◆報知プレミアムボクシング ▽ニューヒーロー第5回 日本ライト級チャンピオン・今永虎雅
抜群のスピードを誇る今永虎雅(26)=大橋=が日本ライト級王座を獲得した。9月14日、名古屋のIGアリーナで行われた王座決定戦で、村上雄大(25)=角海老宝石=を大差の判定で下しベルトを手にした。
王座決定戦から1か月。今永がプロ初タイトルを獲得した一戦を改めて振り返った。「自分の中では100点ではなかったが、練習してきたことを試合の中で試しながらできたので収穫はあった」という。常に冷静でいること、相手との距離感、右ジャブを大事に。手応えはあったのだが、コンディションは「半分か6割ぐらい」だったと顔をしかめた。
試合2週間前に熱中症気味になり調子を崩した。
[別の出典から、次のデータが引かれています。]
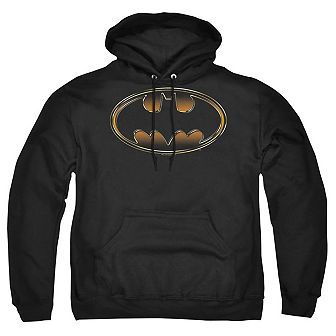 Batman Black & Gold Embossed Adult Pull Over Hoodie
体が急に重くなり、万全とはほど遠い状態だった。計量を終え、リカバリーで本番には間に合うだろうと思ったが、「体がフワフワして足に力が入らなかった」状態で決戦に臨んだ。
61・2キロ以下のライト級で身長177センチは大柄だが、太らない体質のため普段から体重は67キロ程度。「減量という減量はしたことがない」と、ボクサーにはうらやましい響きに聞こえるが、逆にここに落とし穴があった。「今まであまりコンディションとかは考えないで、だいたいの感覚で(調整を)やってきた。今回は早めに体重を落とし過ぎたという反省点もある。自分は太りにくく、代謝もいいのですぐに痩せてしまう。食事の量を減らすと脂肪がないのでエネルギー不足にもなるんです。プロになって体形も変わった。これからはもっと体の仕組みを勉強してやっていかないといけない。そこに気付いたことが、今回の一番の収穫」と声を大にした。
中学1年からボクシングを始め、奈良の王寺工高時代は同期の荒本一成(帝拳)とともに史上初の高校8冠を達成。東洋大では国体、国際大会を制しアマ10冠という輝かしい経歴を持つ。速い回転からキレのあるパンチを繰り出し、相手が打ち返そうとすると、もうその場にはいない。「スピードやキレは自分でもあると思う。だが、世界レベルになるとそれだけでは通用しない。相手との距離感、駆け引き、タイミングとより高いレベルに自分を持っていかなければ」と先を見据えた課題を挙げる。
ライト級というクラスは、日本ボクシング界にとって高い壁だ。これまで世界のベルトを手にしたのは、ガッツ石松(ヨネクラ)、畑山隆則(横浜光)、小堀佑介(角海老宝石)の3人だけ。最近では世界ランカーの吉野修一郎(三迫)、三代大訓(横浜光)といった実力者がともに米国で世界王座への挑戦者決定戦を行い、いずれもTKO負けした。「難しい階級ということは分かっている。吉野さん、三代さんと比べて自分がボクシングのレベルで負けているとは思わない。この状況でライト級でいける(世界を取る)のは俺しかいないと思っている」と自分自身を鼓舞する。
世界を意識した今永に用意された次戦は、まさに大勝負だ。世界スーパーバンタム級4団体統一王者・井上尚弥(大橋)、前WBC&IBF世界バンタム級王者・中谷潤人(M・T)らが出場するサウジアラビアでの興行(12月27日)で、16戦全勝(15KO)のWBA4位アルマンド・マルティネス(キューバ)と対戦する。周囲には「やめた方がいい」という声もあったそうだが、「こんなチャンスはない。わざわざこのチャンスを逃すやつはいない」と強気だ。同じサウジの舞台で東洋大時代の同期で、寮の同部屋で苦楽をともにした堤駿斗(志成)がWBA世界スーパーフェザー級王座決定戦を行うことも刺激になっている。
「大きな舞台で日本タイトルをやって、サウジの試合にもつながった。相手は世界4位だが、対戦の話が来るということは、自分がそういう器であると認められた証拠。自分は常に『神様は乗り越えられない壁は与えてこない』と思ってやっている。自分の気持ち次第。やりがいがあるし、自信はあります」
無敗対決を制し、サウジの舞台から世界挑戦へ一気に近づく構えだ。(近藤 英一)
◆今永 虎雅(いまなが・たいが)1999年8月9日、大阪府河内長野市出身。5歳でグローブ空手を始め、ボクシングは中学1年から。